COURTESY OF THE ARTIST AND GAVIN BROWN’S ENTERPRISE. COPYRIGHT THE ARTIST.
Peyton’s oddly provocative work seems closer to the Italian portrait painter Giovanni Boldini than to Alice Neel—it reveals social status and attitude, not psychological traits. What saves Peyton’s portraits is the very affectation exuded by her subjects. Her art appears to be more influenced by neuroscience—and particularly the “mirror neurons” in our brains that are triggered by the sight of faces, especially familiar ones—than by psychology. Peyton’s portraits bear closer comparison with Karen Kilimnik’s pictures of starry-eyed adolescents that first appeared a decade earlier.
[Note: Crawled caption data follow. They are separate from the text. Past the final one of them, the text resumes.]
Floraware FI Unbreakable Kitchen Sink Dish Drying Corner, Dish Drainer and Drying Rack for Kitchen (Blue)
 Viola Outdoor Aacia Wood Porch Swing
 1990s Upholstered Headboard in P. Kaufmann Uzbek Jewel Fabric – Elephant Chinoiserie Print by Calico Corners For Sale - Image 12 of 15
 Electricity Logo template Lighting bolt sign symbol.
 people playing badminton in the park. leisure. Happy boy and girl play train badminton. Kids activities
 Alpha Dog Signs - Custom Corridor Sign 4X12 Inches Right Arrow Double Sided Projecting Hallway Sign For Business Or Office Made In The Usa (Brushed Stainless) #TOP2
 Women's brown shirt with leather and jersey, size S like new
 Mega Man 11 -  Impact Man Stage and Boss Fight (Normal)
COLLECTION OF EMMANUEL ROMAN, PROMISED GIFT TO THE TATE GALLERY. COURTESY MICHAEL WERNER GALLERY, NEW YORK AND LONDON.
At the entrance to Gavin Brown’s enterprise there was a single small portrait on each of four huge white walls. The installation made the paintings look important and established an unexpected sense of gravitas. In the galleries that followed, a hawk-like profile of Peter Gelb, the Metropolitan Opera’s general manager, stood out. So did an almost abstract black-and-blue painting of the two male leads from Brokeback Mountain. There was also a tender Barack kissing Michelle on the nose, and Peyton’s charming self-portrait with her dog Felix. The best work in this show was a barely there watercolor of the provocative artist Klara Liden.
COURTESY OF THE ARTIST AND GAVIN BROWN’S ENTERPRISE. COPYRIGHT THE ARTIST.
Uptown at Werner it’s all Klara all the time. She looks wary, pensive, or sad. “Klara 13 Pictures” includes monotypes, etchings, pencil drawings, oils, and one wonderfully pale watercolor of Klara along with a single inert still life of a vase filled with pink and red flowers. We wonder whether Peyton’s absence of irony represents a new tendency toward anti-cynicism, or whether naturalism is a new post-post-conceptual stance. Or is her work so utterly traditional that it might be considered a challenge to hipper, more conceptual forms of art?
COURTESY MICHAEL WERNER GALLERY, NEW YORK AND LONDON.
“Elizabeth Peyton: Klara 13 Pictures” is on view through June 15 at Michael Werner.